He is currently working toward his master’s degree in Jewish education and will — in addition to his other responsibilities — finish his requirements for smicha (rabbinical ordination) this year.
Horn became the regional vice president of NCSY’s New Jersey Region in 2003. As an undergraduate at YU, he became an adviser and administrator for NJ Junior NCSY, taking over as director three years ago. This past summer he directed one of the buses of The Jerusalem Journey, an NCSY summer program in Israel for public school students.
Later this month, he also will oversee a new event — the Feb. 25-27 interregional Shabbaton in Cherry Hill, with students from New Jersey, Philadelphia, Baltimore, and Virginia.
In an interview at a coffee shop close to NCSY’s Teaneck offices, Horn noted that many middle school yeshiva students may be observant but not necessarily inspired spiritually. NCSY “gives these kids an environment where they’re comfortable” asking questions and developing leadership skills.

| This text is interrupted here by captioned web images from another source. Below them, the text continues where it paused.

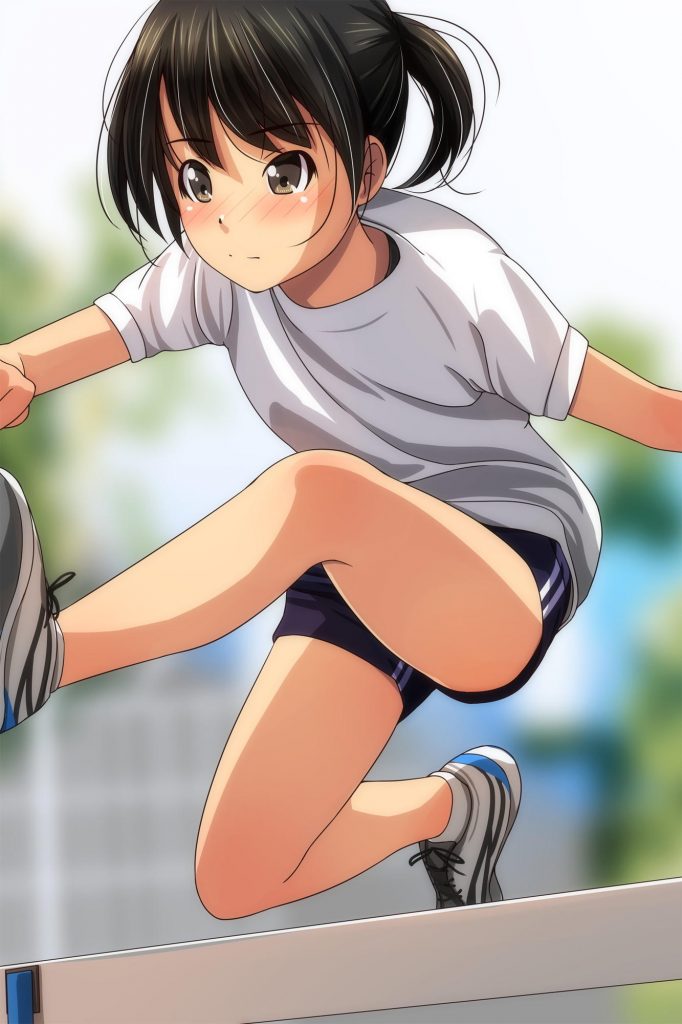 パンツ・下着のエロすぎる画像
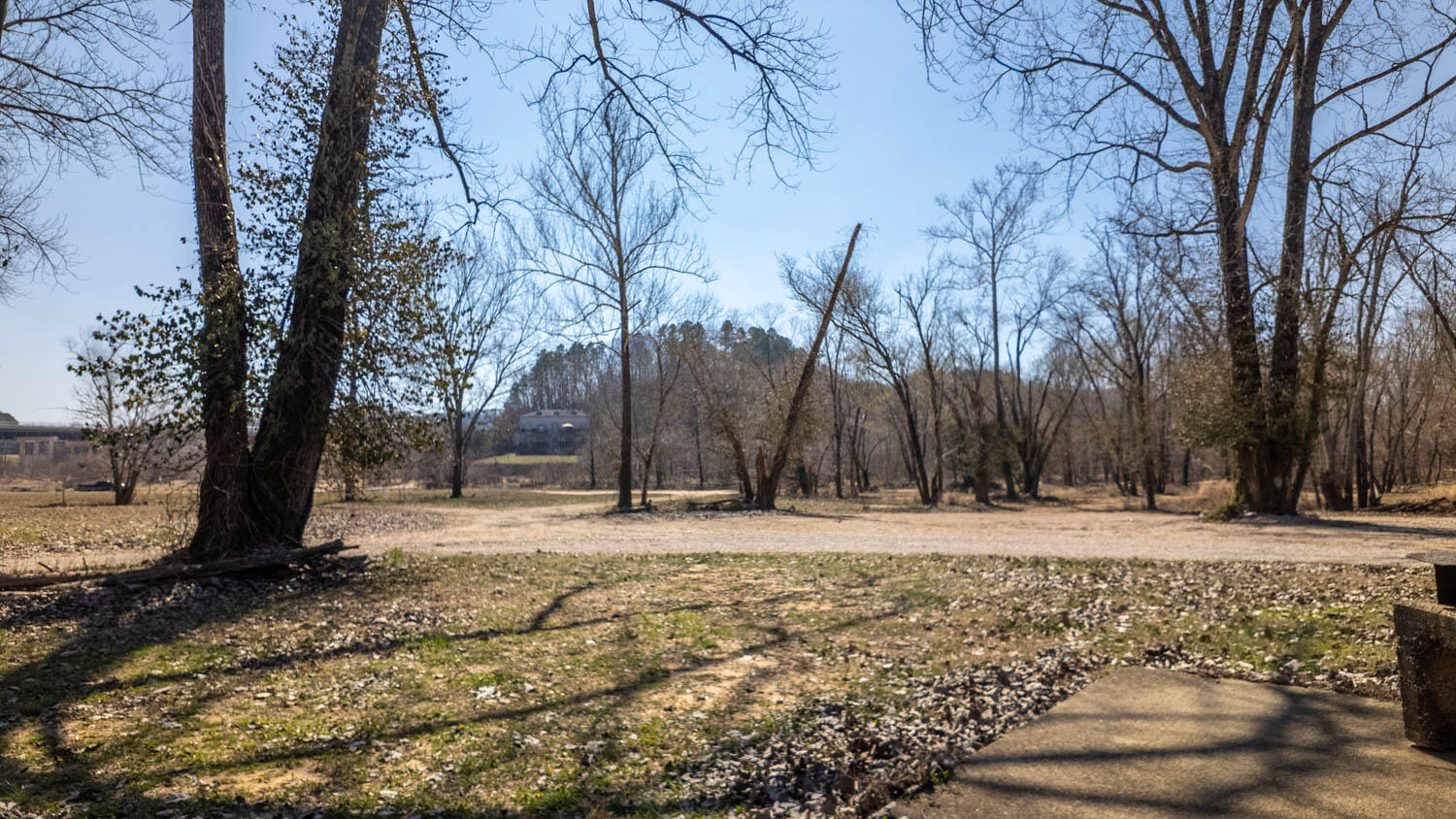 Photo 30 - Land for sale – 100  Ash Street  Van Buren, MO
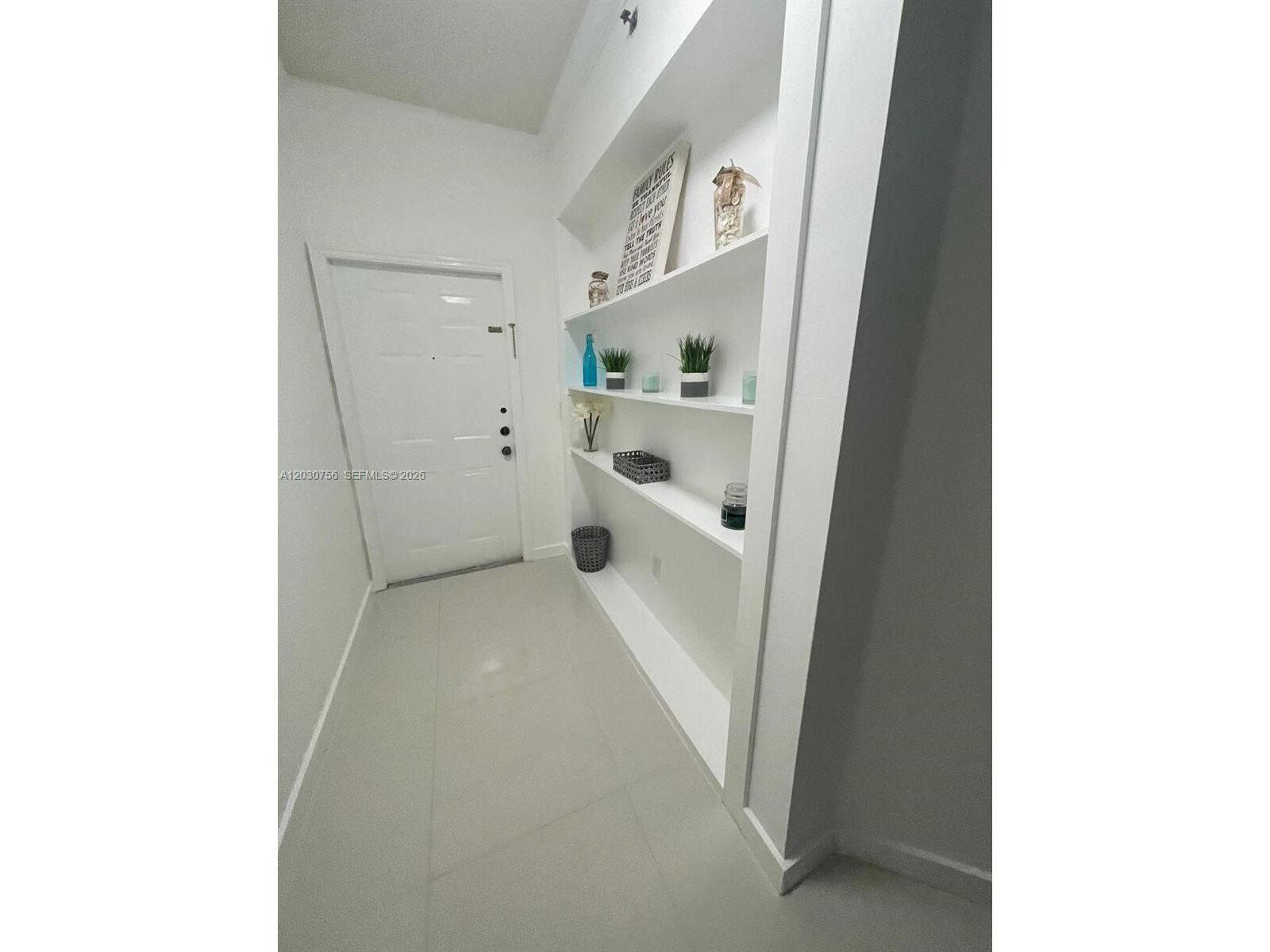 Image - 1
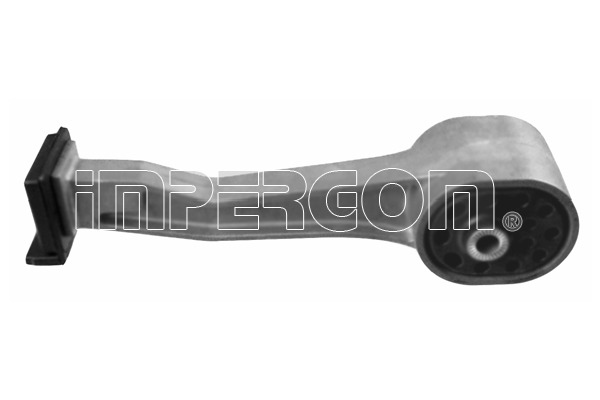 ORIGINAL IMPERIUM 37582 Mounting, engine Rear for SEAT VW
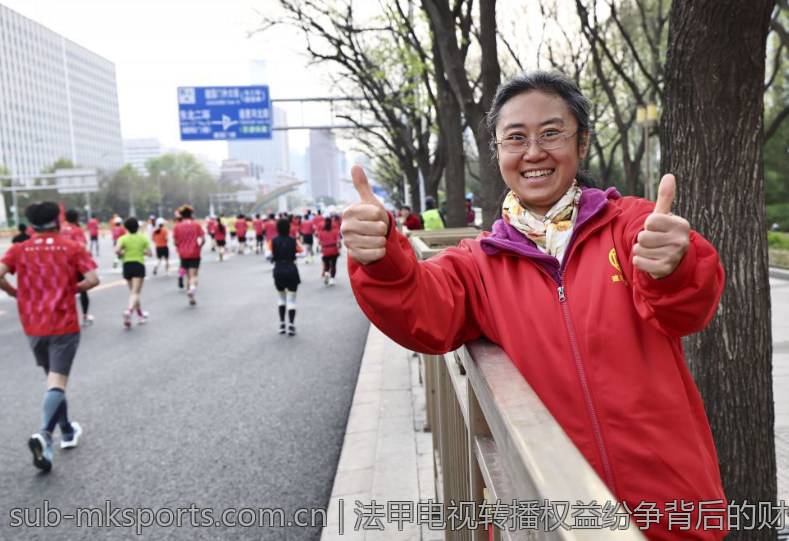 法甲电视转播权益纷争背后的财务危机深度剖析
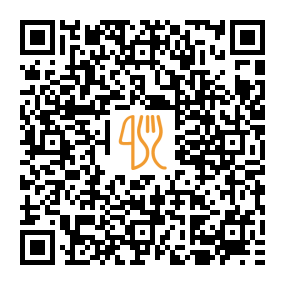 QR-code link para o menu de Sidreria Los Lagos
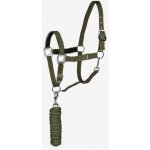 Horze Chicago zelený – Zboží Mobilmania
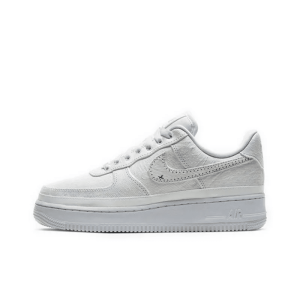 Air Force 1 Low Tear Away CJ1650-101 - Iconic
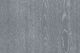 aspenhome® Latitude Deep Indigo 67" Open Fireplace Console-2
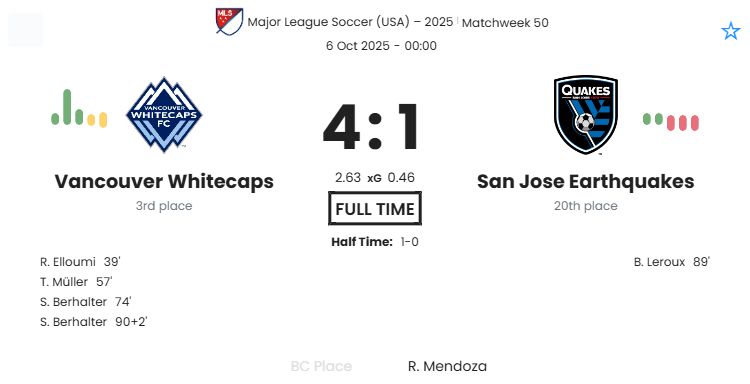 featured image 184445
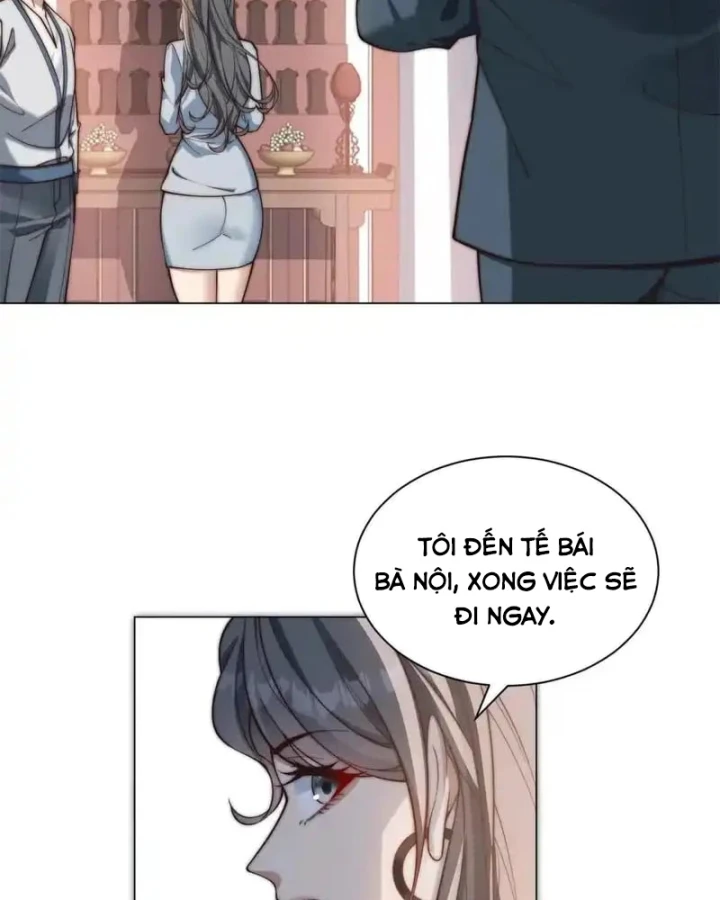 Giá Trị Hàng Hóa Giảm Trăm Vạn Lần Chapter 72 - Trang 49
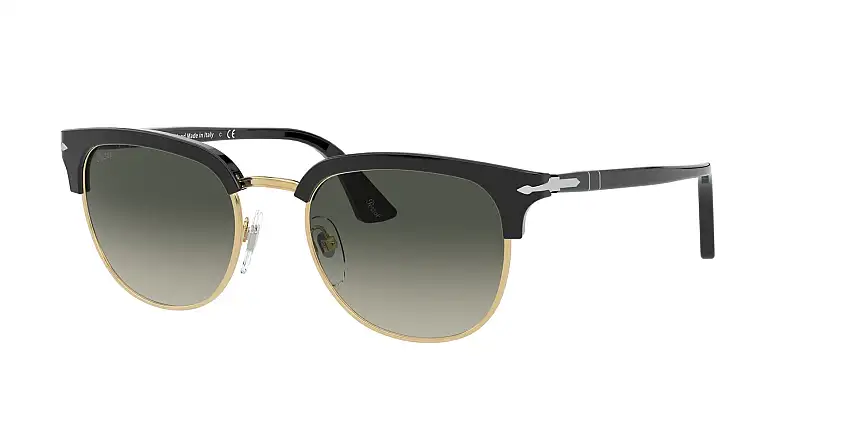 Occhiali da sole PERSOL CELLORPO3105S 112871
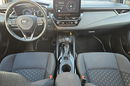 Toyota Corolla 1.8 Hybrid 140KM COMFORT TECH, salon Polska, gwarancja, FV23% zdjęcie 9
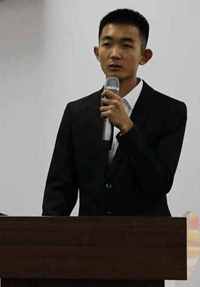 1639449482331759.jpg 5.jpg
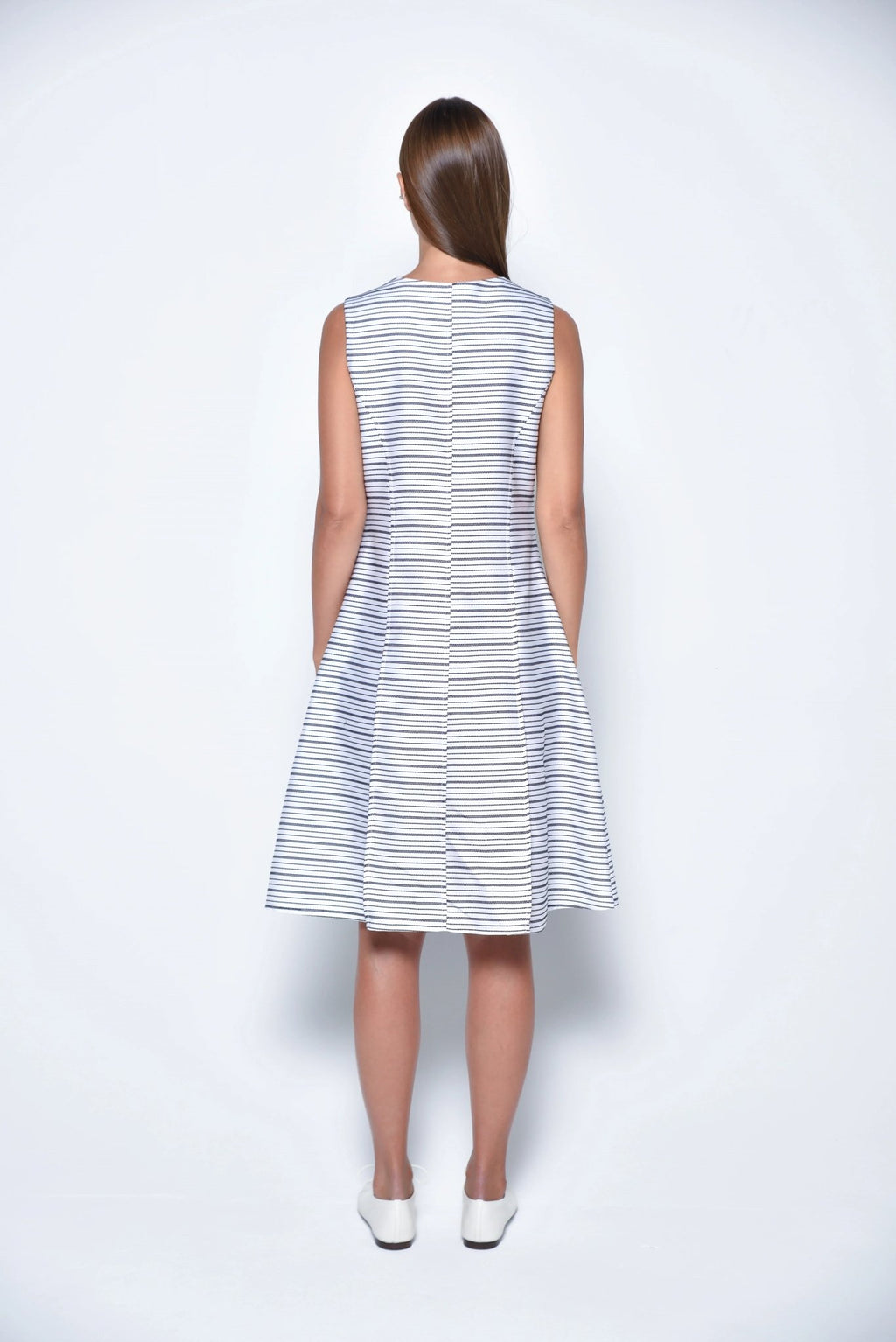 Lisbon Dress - Che Cose Belle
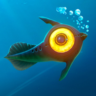 Subnautica Mobile Android Play Market Google Play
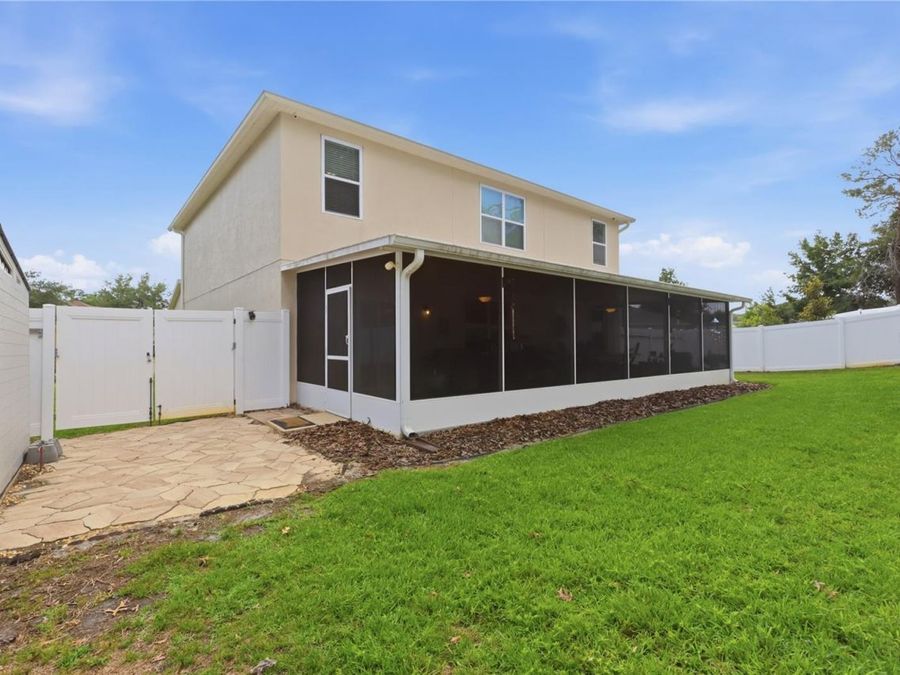 Property Image 46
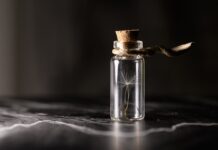 O co chodzi w zapasach?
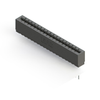 Edgeboard Connectors - 151-717-018-541-101-ND - DigiKey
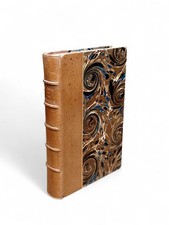 émile zola. débacle. d'occasion émile zola. débacle. d'occasion  Nice-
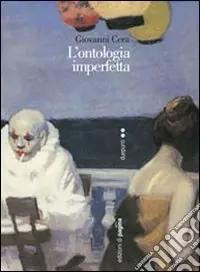 L‘ontologia imperfetta Promozione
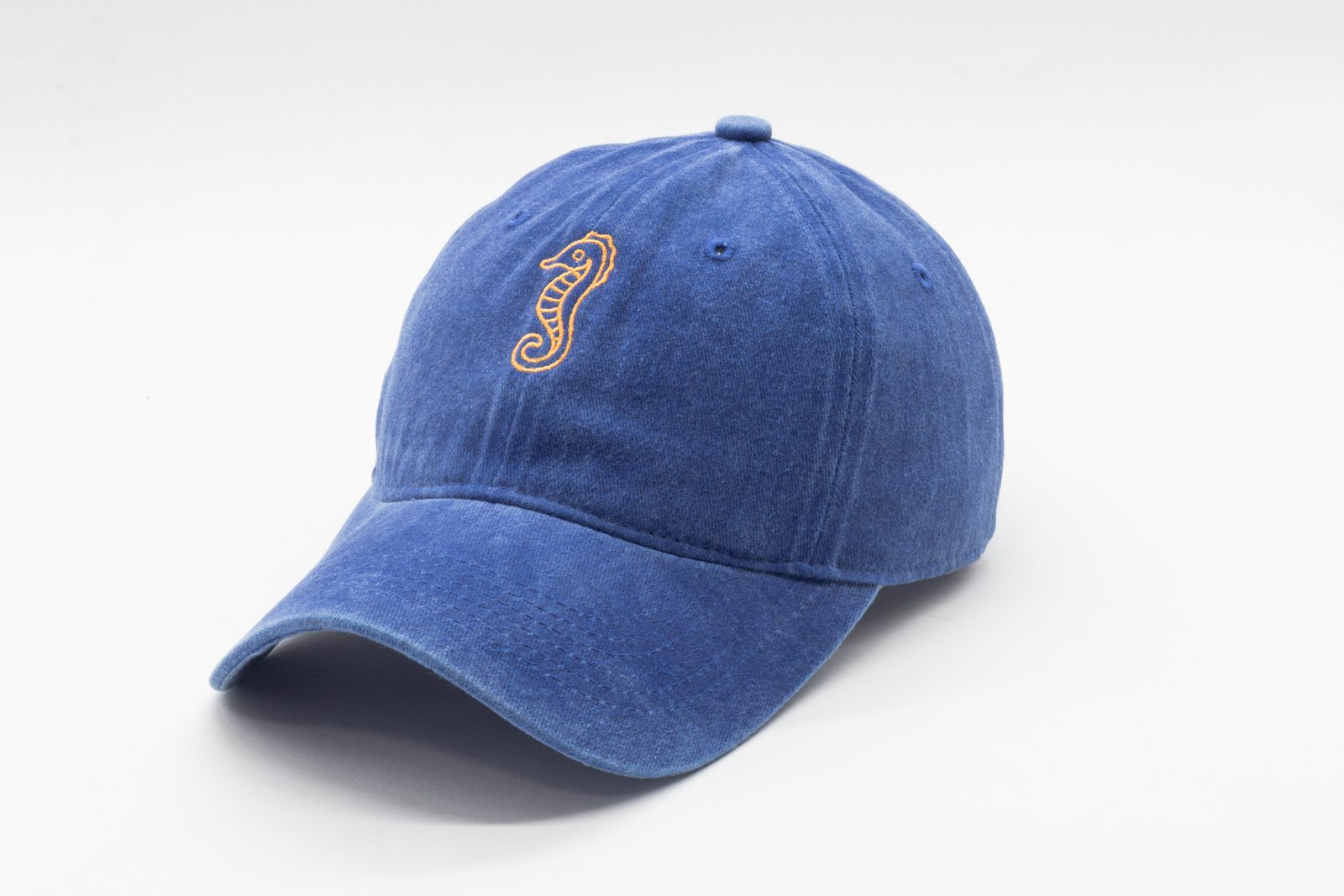 Be Good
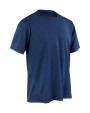 T-shirts SPIRO Performance T-Shirt  voor bedrukking &amp; borduring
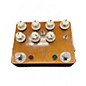 Used JHS Sweet Tea Effect Pedal thumbnail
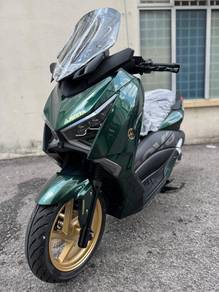 Aveta Nova 250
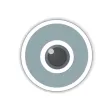 PoDor Photo Picture Editor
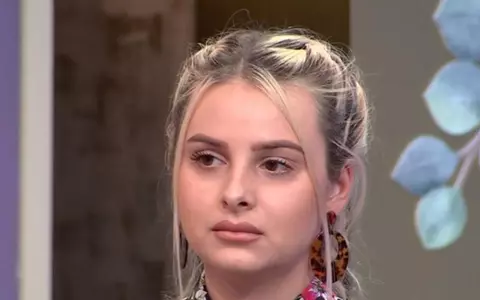 Scandal de proporții la Mireasa. Maria, acuzată că este iubita unui bărbat însurat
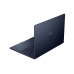 Prenosnik HP EliteBook X G1i 14 AI | U7 258V | 32GB RAM | SSD 1TB | W11P / Core Ultra 7 / RAM 32 GB / SSD Disk / 14,0″ WUXGA Prenosnik HP EliteBook X G1i 14 AI | U7 258V | 32GB RAM | SSD 1TB | W11P / Core Ultra 7 / RAM 32 GB / SSD Disk / 14,0″ WUXGA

At that age, “they’re starting to think for themselves, but they’re not necessarily thought-out people.”
“We meet each kid where they are and bring them religious growth,” he said.
Horn’s supervisor, NCSY’s NJ Region director Rabbi Yaakov Glasser has known Horn since he was in elementary school.
“Aaron has extraordinary leadership abilities in any educational context in which he finds himself,” said Glasser. “He is a very inspirational young fellow.”
Glasser added that Horn is both a Torah scholar and someone who leads with creativity.
“He can really get up there and touch the souls of the kids who are distracted by the technology of the day and find within them that spark of focus that can help them develop the more spiritual aspect of themselves — and he is very effective at that,” said Glasser.